When Eric Rosenberg bought his first home in his mid-20s, a condo in Denver, and was tasked with getting homeowners insurance, he didn’t find his lender being much help.
“My bank told me that I had to get homeowners insurance, but didn’t give me much guidance beyond that,” says the 33-year-old Rosenberg, who has now gone through the process three times, in three different states.
If you’re a new homeowner and are having trouble making heads or tails of homeowners' insurance, you’re not alone. In fact, according to a J.D. Power survey, only 48% of customers fully understand their policy.
To learn everything he could about homeowners' insurance policies, Rosenberg turned to his personal support network—and the internet—before making a decision.
“In every area, insurance rates tend to vary widely, says Rosenberg, who is the founder of Personal Profitability. “It’s 2018—use the internet!”
“There are some great options out there to find out everything you need and compare rates before you buy. Don’t listen to high-pressure agents or salespeople. Figure out what makes the most sense for you, then reach out to the insurance company.”
The more you know…
Taking the time to know what you’re buying is worth the investment. It really is a case of the more you know the better.

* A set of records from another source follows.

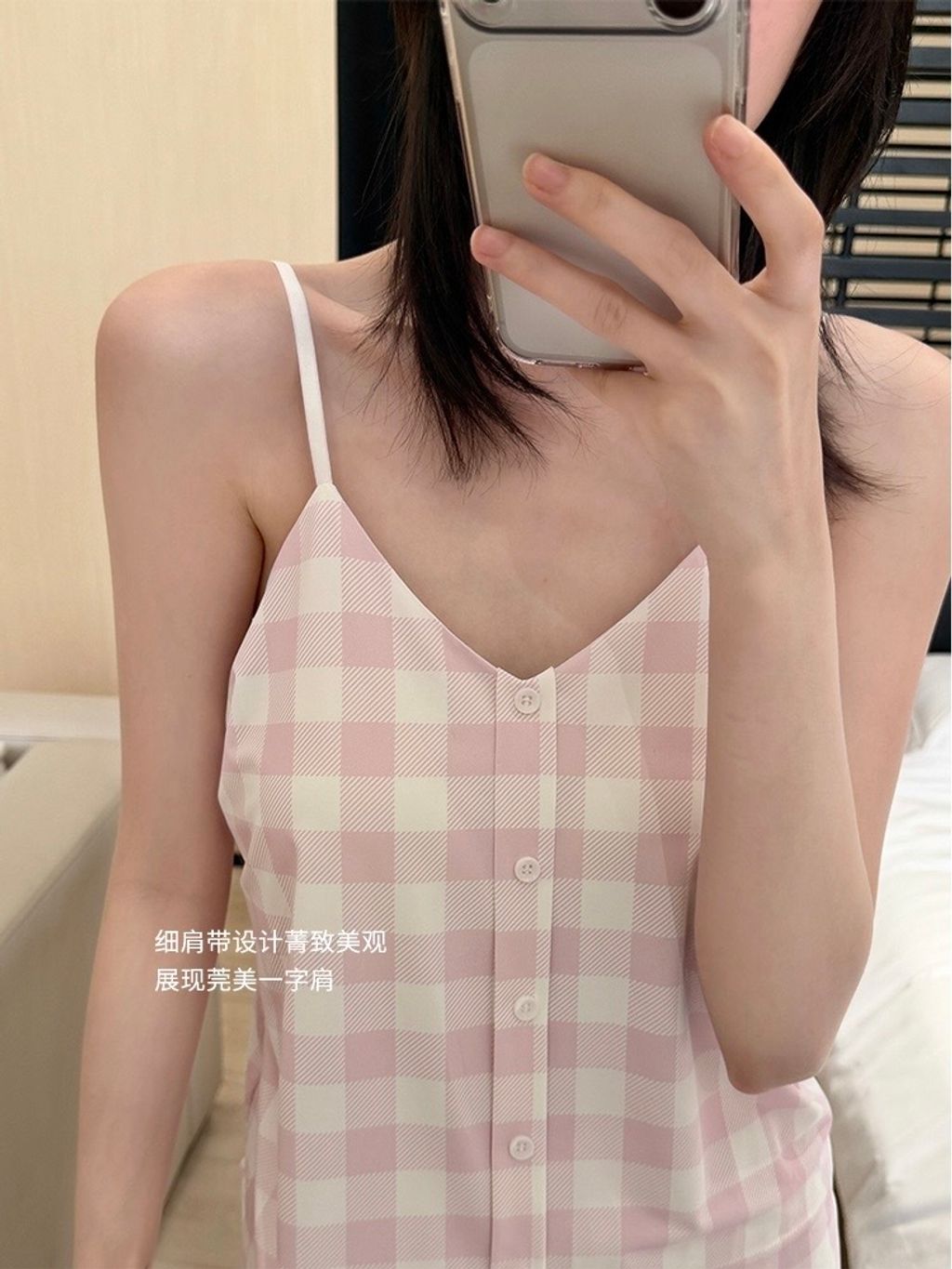 image_CDAD1AE8-9EE4-47EE-80F5-46810515DA91_1776851443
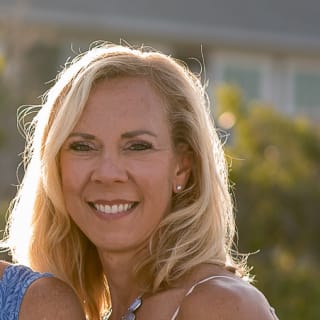 Jennifer Pleimann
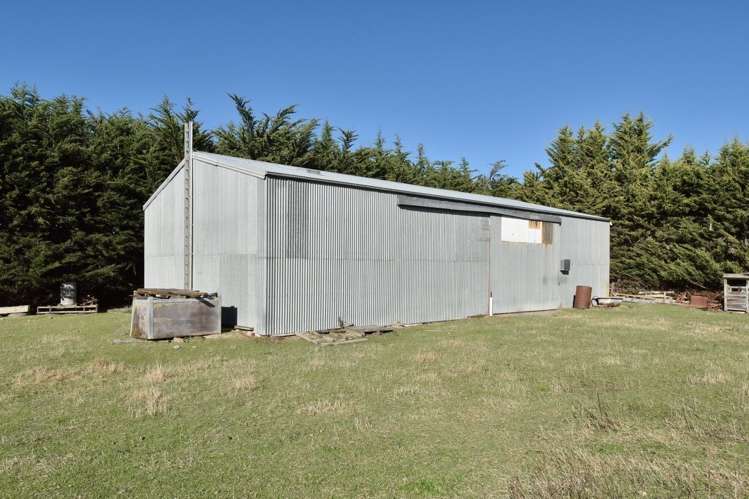 518 Rangiora Leithfield Road Sefton_9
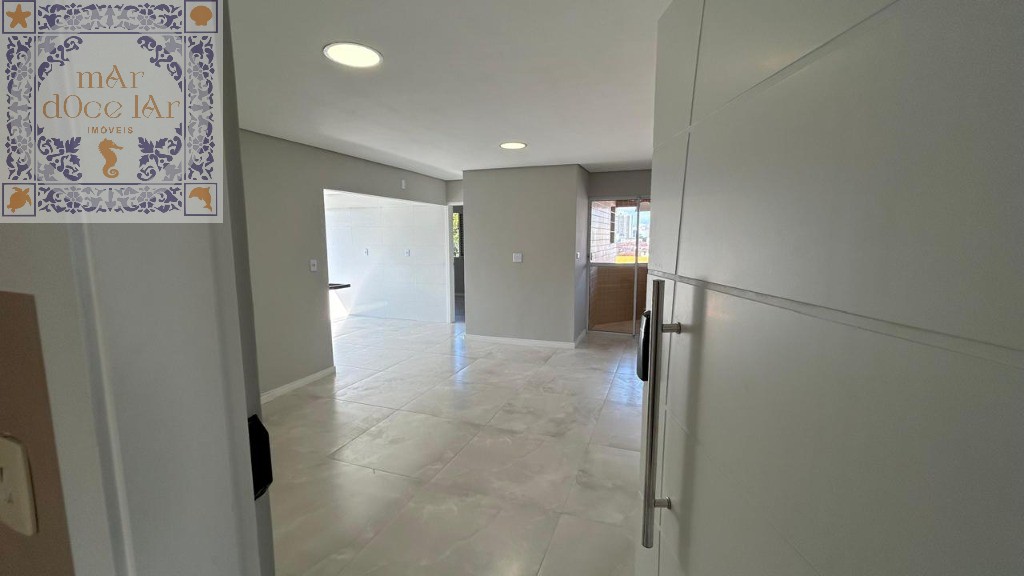 Apartamento, 1 quarto, 73 m² - Foto 5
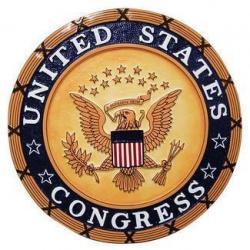 US Congress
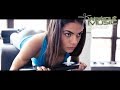 New Workout Music Motivation Playlist 2018 New Workout Music Motivation Playlist 2018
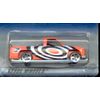 Hot Wheels 1999-1121 Chevy 1500 1:64 Scale
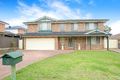 Property photo of 2 Bingham Place Edensor Park NSW 2176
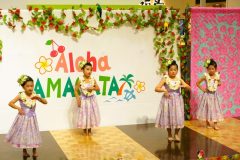 LINE_ALBUM_アロハ山形　20231021_231024_21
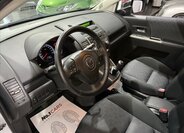 Mazda 5 Kombi 2,0 l 107 kw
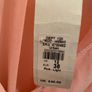 Brand new River Island play suit size 12 Image 2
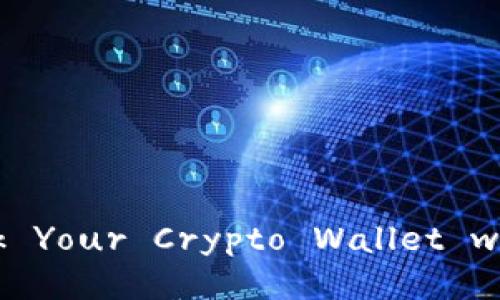 如何轻松提取USDT：Unlock Your Crypto Wallet with These Simple Steps!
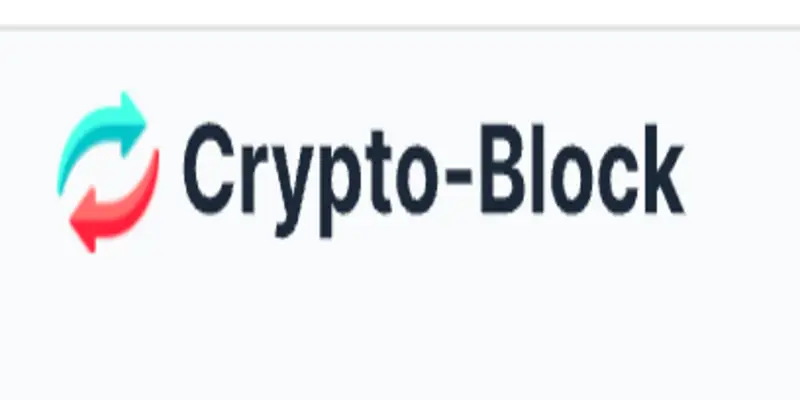 Обзор - CryptoBlock / BridgeSwap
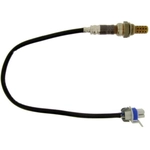 Purchase NGK CANADA - 21514 - Oxygen Sensor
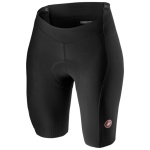 Castelli Velocissima 2 Short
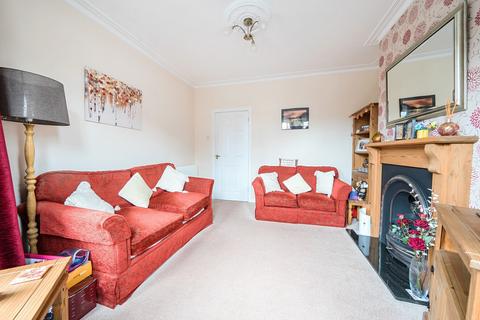 3 bedroom semi-detached house for sale, Whitelaw Road, Shirley, Southampton, Hampshire, SO15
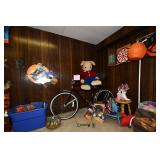 701-Basement 701-Basement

Doing your own research before you opt into a plan will not only help you understand what’s best for you but also help you get your head around what you can expect from your policy.
Overall satisfaction among homeowners who understand their policy is 92 points higher than those who don’t fully understand their coverage, according to the J.D. Power survey.
To help you understand homeowners insurance and find the policy that’s right for you, we’ve got all the basics right here:
What is homeowners insurance?
Homeowners insurance is a type of property insurance that covers private residences. It offers financial protection in case of an accident, theft or disaster involving your home.
A standard homeowners' insurance policy typically covers structural damage, personal belongings, liability, and additional living expenses.
1. Structural damage
This is one of the key differences between homeowners vs renters insurance. In the case that your home suffers damage from theft, vandalism, or is destroyed by disasters such as fire, windstorms, hail, lightning or explosions, homeowners insurance can cover the costs of repairing or rebuilding it.
Your mortgage lender might refer to this as hazard insurance, but don’t let that trip you up. It’s just part of your homeowners' policy.
Most policies also cover detached structures that are separate from your house, such as a garage or tool shed. These structures are generally covered up to a percentage of the insured value of your home’s physical structure, for example, ten percent.
2. Personal belongings
Personal belongings that are stolen, damaged, or destroyed by an included disaster on your policy are typically covered. These may include:
● home decor
● wine and spirits
● sporting goods
● children’s toys
Your level of coverage for personal belongings will generally be a percentage of your home’s insured value. So if your home is insured up to $100,000, and personal belongings coverage amount was to be 50 percent of this, the limit would be $50,000. The actual percentage used will vary from policy to policy.
Your homeowners' insurance policy will also cover belongings that aren’t inside your home but included on your property: trees, shrubs, BBQ grills, and patio furniture and so forth.
High-value items, such as jewelry, furs, artwork, and antiques are usually covered in a standard policy. There are assigned dollar limits, so you’ll want to read the fine print.
3. Liability protection
Liability protection covers lawsuits against bodily injury or property damage that you, family members, or pets may cause to others. Such protection covers court costs and any awards you may have to pay in court.
Your policy also includes what’s called no-fault medical insurance. So if a visitor happens to be injured in your home, their medical bills can be paid by your insurance company.
4. Additional living expenses
Let’s say your home burns down and it’s now uninhabitable. While your home is being rebuilt, you’ll need to live elsewhere for a short while. Additional living expenses (ALE) cover any living away from home costs and eases the stress of being temporarily uprooted. These expenses may include lodging, meals at restaurants, storage fees, and other costs incurred while your home is being rebuilt.
And if you rent out part of your home, the amount you would’ve collected on rent while your home is being repaired would also be covered.